In my upcoming project, there will be one main table, its data will be read frequently. Update / Insert / Delete speed is not an issue.
The items in that main table are associated to 4 or more categories. An item can have 50 - 100 or more relations within one category.
The most common operations that will be performed on the database:
- select all items that have been assigned to category A, B, C, ... with LIMIT X, Y
- count all items that have been assignged to category A, B, C, ...
My first thought on how to create a database for the above was something like this (classic approach I guess):
First, for each of the four categories I create a category
table:
id - PK, int(11), index
name - varchar(100)
then I will have one item
table:
id - PK, int(11), index
... some more data fields, about 30 or so ...
and to relate the category
tables, there will be 4 or more lookup / MM tables like so:
id_item - int(11)
id_category - int(11)
The queries looked something like this:
select
item.*
from
item
inner mm_1 on mm_1.id_item = item.id
inner join cat_1 on cat_1.id = mm_1.id_category and cat_1.id in (1, 2, ... , 100)
inner mm_2 on mm_2.id_item = item.id
inner join cat_2 on cat_2.id = mm_2.id_category and cat_2.id in (50, 51, ... , 90)
Of course the above approach with MM tables would work, but as the app should provide very good SELECT
performance, I tested it with real world amounts of data (100.000 records in the item
table, 50 - 80 relations in each category), but it was not as fast as I expected, even with indexes in place.
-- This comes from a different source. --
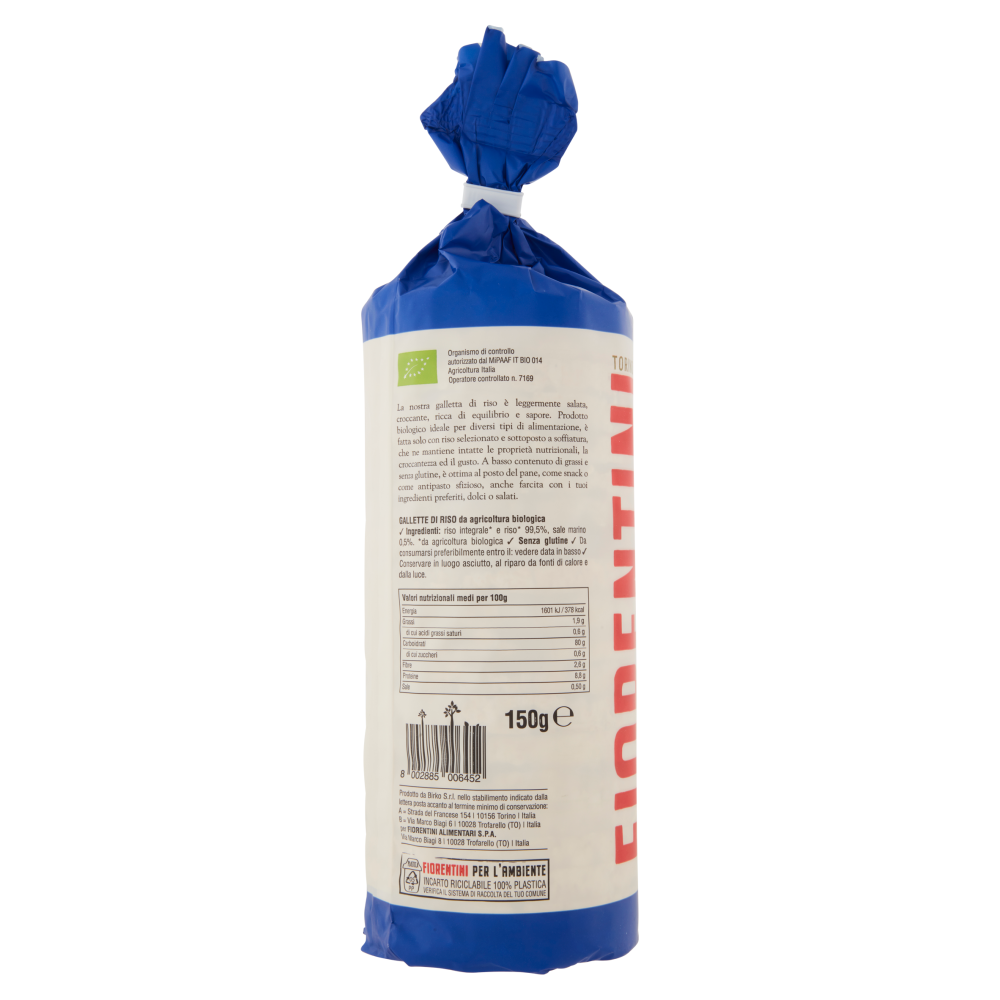 Fiorentini le Originali Gallette Bio di Riso 150 g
I also tried using WHERE EXISTS
instead of INNER JOIN
when selecting.
My second idea was to just use the item
table from above denormalize the data.
After reading this blog post about using bitmasks I gave it a try and assigned each category a bit value:
category 1.1 - 1
category 1.2 - 2
category 1.3 - 4
category 1.4 - 8
... etc ...
So, if an item
was tagged with category 1.1
and category 1.3
, it had a bitmask of 5
, which I then stored in a field item.bitmask
and I can query it like so:
select count(*) from item where item.bitmask & 5 = 5
But performance was not so great either.
The problems with this bitmasking approach: mysql does NOT use any indexes when bit operators are involved and even when item.bitmask
would be of type BIGINT
I can only handle up to 64 relations, but I need to support up to 100 per category.
That was about it. I cant think of anything more except maybe polluting the item
table with many, many fields like category_1_1
up to category_4_100
each of the contains either 1 or 0. But that could lead to many AND
in the WHERE
clause of the select and that does not seem like a good idea, too.
So, what are my options? Any better ideas out there?
EDIT: as an response to Cory Petosky comment "What does "An item can have 50 - 100 or more relations within one category." mean?":
To make it more concrete, the item
table represents an image. Images are among other criterias categorized in moods (mood would be one of 4 categories). So it would look like this:
Image:
- Category "mood":
- bright
- happy
- funny
- ... 50 or so more ...
- Category "XYZ":
- ... 70 or so more ...
If my image table would be a class in C#, it would look like this:
public class Image {
public List<Mood> Moods; // can contain 0 - 100 items
public List<Some> SomeCategory; // can contain 0 - 100 items
// ...
}